24/11/2011

Hello! Noah?

I know I have been talking up all the great weather here in South Africa, right?  Well, I've obviously been bragging a little too much and someone upstairs has decided to take me down a few notches.  Even though it might appear summery here to the casual observer, it's still actually springtime, and in South Africa that means the rainy season.  The last few days have been good and wet.  With midwestern style thunderstorms to go with it.  Night before last we had a whopper of a rainstorm.  The rain came fast and furious and continued for a good few hours after the kids went to bed.  Being used to such weather, Chris and I continued to watch our movie and marveled at how it was finally getting down and dirty (the storm, not us and not the movie).  It felt a lot like home, and since I love a good thunderstorm anyway we eventually went to bed, but not before I noticed the headlights on the road behind our house (and on the other side of our security wall) were stopped and backed up down the road.  Strange, since it's not a very busy road during the evening and that they were all sitting still with their flashers on.  We wondered what was going on, but couldn't really see much in the dark and rain, so just left it.

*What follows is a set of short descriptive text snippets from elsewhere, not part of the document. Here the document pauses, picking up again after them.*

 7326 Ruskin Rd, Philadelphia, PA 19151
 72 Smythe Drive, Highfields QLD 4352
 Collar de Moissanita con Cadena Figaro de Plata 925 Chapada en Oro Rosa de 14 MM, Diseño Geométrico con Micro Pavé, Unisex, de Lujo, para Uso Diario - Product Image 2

Come to find out the next morning, the water (or river as I like to call it) in the culvert behind our house and on the other side of the security wall had swept part of the security wall behind our next door neighbors house right into their back garden.  Yes, a two foot thick brick wall, washed away by the rain. The raging river continued to flow through their garden taking out their garden fence in front of their house, the garage, driveway, and first floor of the neighbors' beside them, and the three houses at the end of our block.

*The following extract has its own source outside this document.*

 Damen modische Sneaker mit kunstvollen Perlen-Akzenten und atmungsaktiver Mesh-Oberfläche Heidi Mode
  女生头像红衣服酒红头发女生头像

The first photo is of our neighbors side garden and the house who had their entire first floor washed right out the glass patio doors into their pool.  The wall of water was strong enough to knock the kitchen cabinets off the walls, and shove everything out the accordion patio doors.  You can see too it took almost all the brick pavers lining their drive and washed them down the block to where you see them dumped in the neighbors drive. 

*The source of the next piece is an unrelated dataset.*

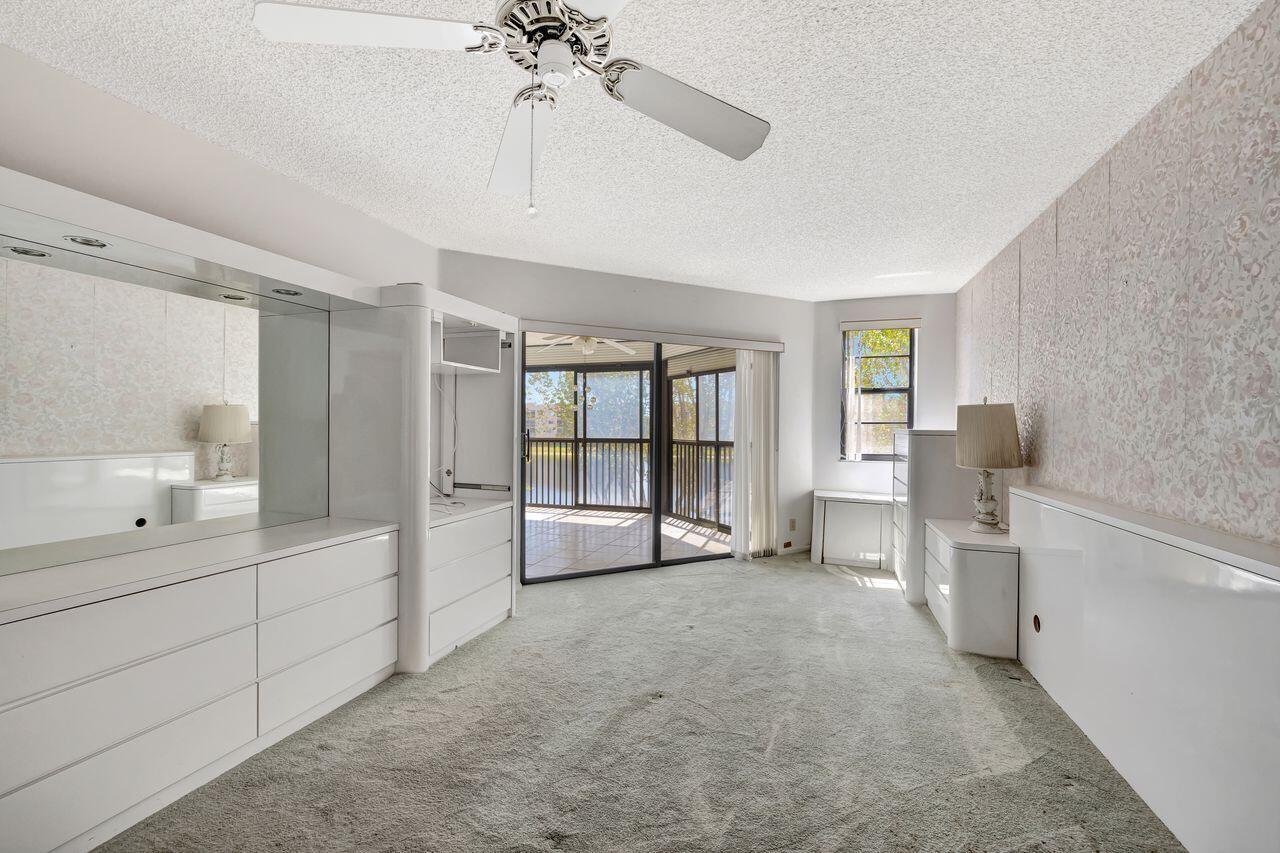 7462 Fairfax Drive 305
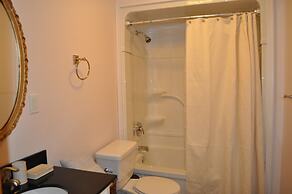 Holman's Heritage Suites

The second photo is of the last house on the lane. I think them and their neighbors lost a car in the garage along with most of both their driveways and their belongings on the first floors.  There was a flood mark about a foot and a half up their outer wall.  And the poor folks who parked their cars on the lane found them that next morning in the creek behind the house in the second picture, submerged, one on top of the other.
All this because the drain at the end of the culvert behind the estate was mostly blocked by weeds and debris, I think.
Though there was a lot of damage, no one was hurt.
I think I'm thankful today that no one was injured and that we survived unscathed.  If the water had backed up another several feet, it would have taken out our section of wall, and left us underwater too.
Be well everyone.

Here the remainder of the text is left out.